1lb ground chuck 80%/20% fat content
1lb ground Angus beef 80%/20%
1 stick 8oz sharp chedder cheese (White), Grind cheese medium to small grind, use at least 4 oz placing in bowl and placing it to the side.
1 stick 8oz Land O Lakes cheese (yellow), Grind cheese medium to small grind, use at least 4 oz placing in bowl and placing it to the side.
Pinch salt & Pepper.
1 slice per burger Hoffman's supersharp chedder.
1/2 teaspoon: Steak Rub: Preferably "Stonewall Steak and Burger Rub" = You can purchase this rub online at:....
http://www.stonewallkitchen.com/shop/speciality-foods/salts-spices.html
Directions:
Mix ground beef together well, once mixed in seperate bowl mix cheese together, then once mixed add to beef and mix thoroughly, cheese must be completely mixed throughout beef.
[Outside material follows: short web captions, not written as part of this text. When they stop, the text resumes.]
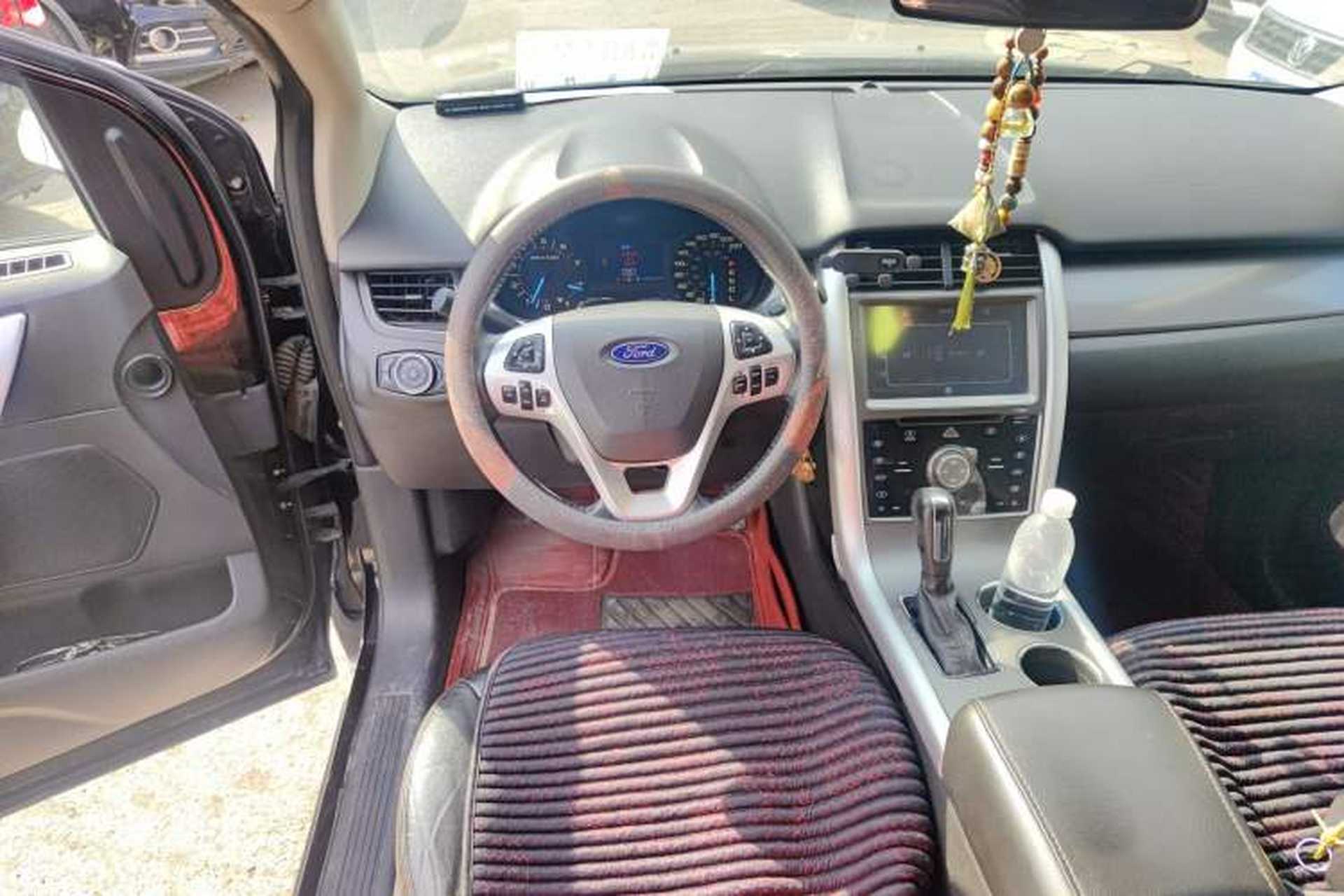 Used Ford Edge 2012 2.0T Elite Edition Steering Wheel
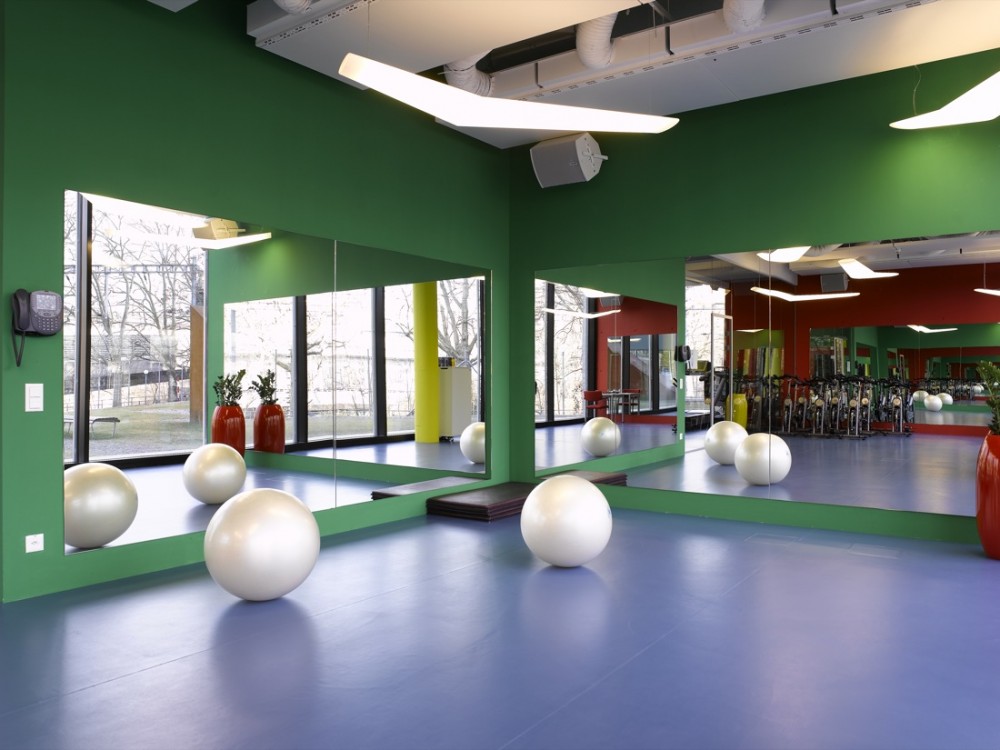 076_F0_gym 076_F0_gym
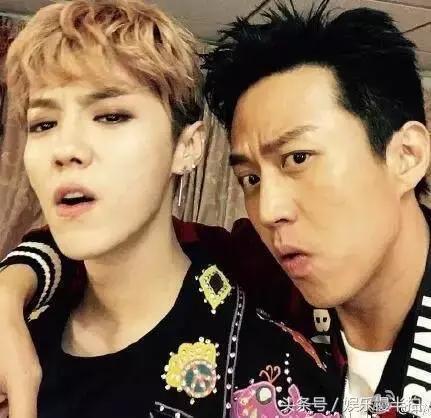 鹿晗邓超谁是爸爸?天天互黑!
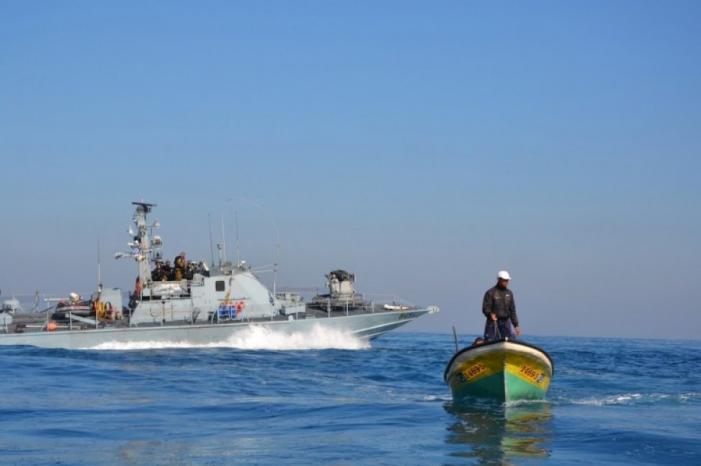 غزة: بحرية الاحتلال تستهدف الصيادين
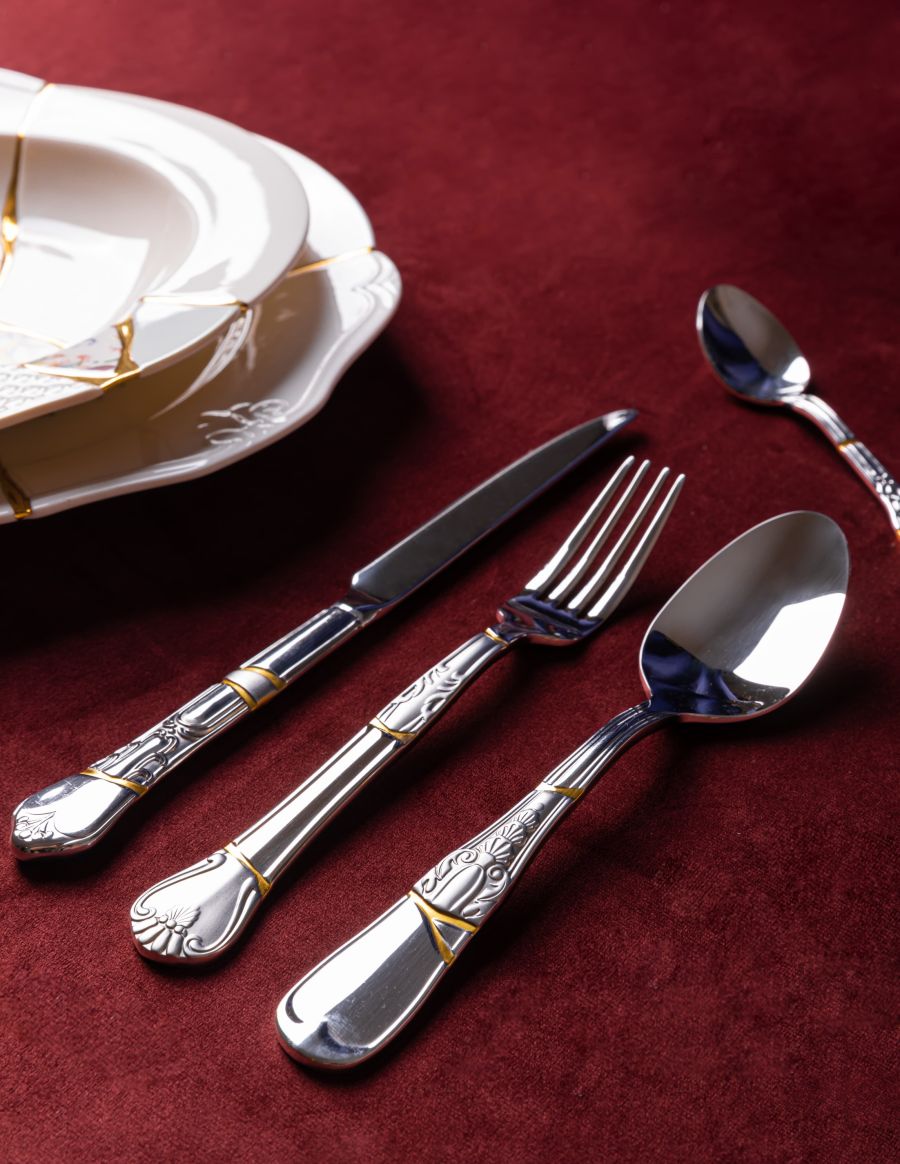 Porcelain and gold plated Cutlery Kintsugi by Seletti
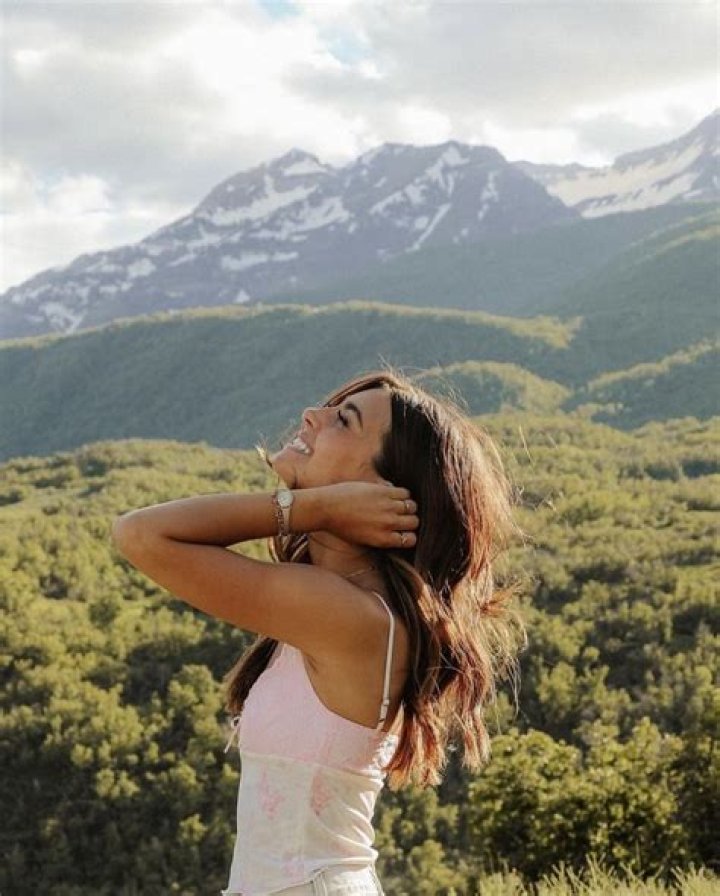 Halle Sandberg (TikTok Star) - Age, Birthday, Bio, Facts, Family, Net Worth, Height & More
Next add pinch salt & pepper, then add spice rub. Rub Must Be Sprinkled with fingers! Blend beef and spice rub together thoroughly, be consistent, don't rush. Take your time and mix well, be sure spice is throughout the beef.
Now, make patties, use at least one half pound per to 3/4 pound per burger. Slap meat back and fourth in hand "Lol" rounding as you form it. Then use the ball of your hand to finish rounding the burger. Be sure it is at least 3/4 inch thick, and the size of your hand 7 to 8 inches. This is due to the beef being 20% fat it will shrink a bit. Now, you can fry it in a pan or on the grill. The grill is set to high and cooked on each side for 4 to 5 minutes 4 times. If you fry it in a pan, cook at center setting 5 to 6, same minutes 4 times. Put Hoffman's supersharp chedder on top and serve in Jumbo sized buns. If you can't get Hoffman's get some other sharp chedder cheese to top it.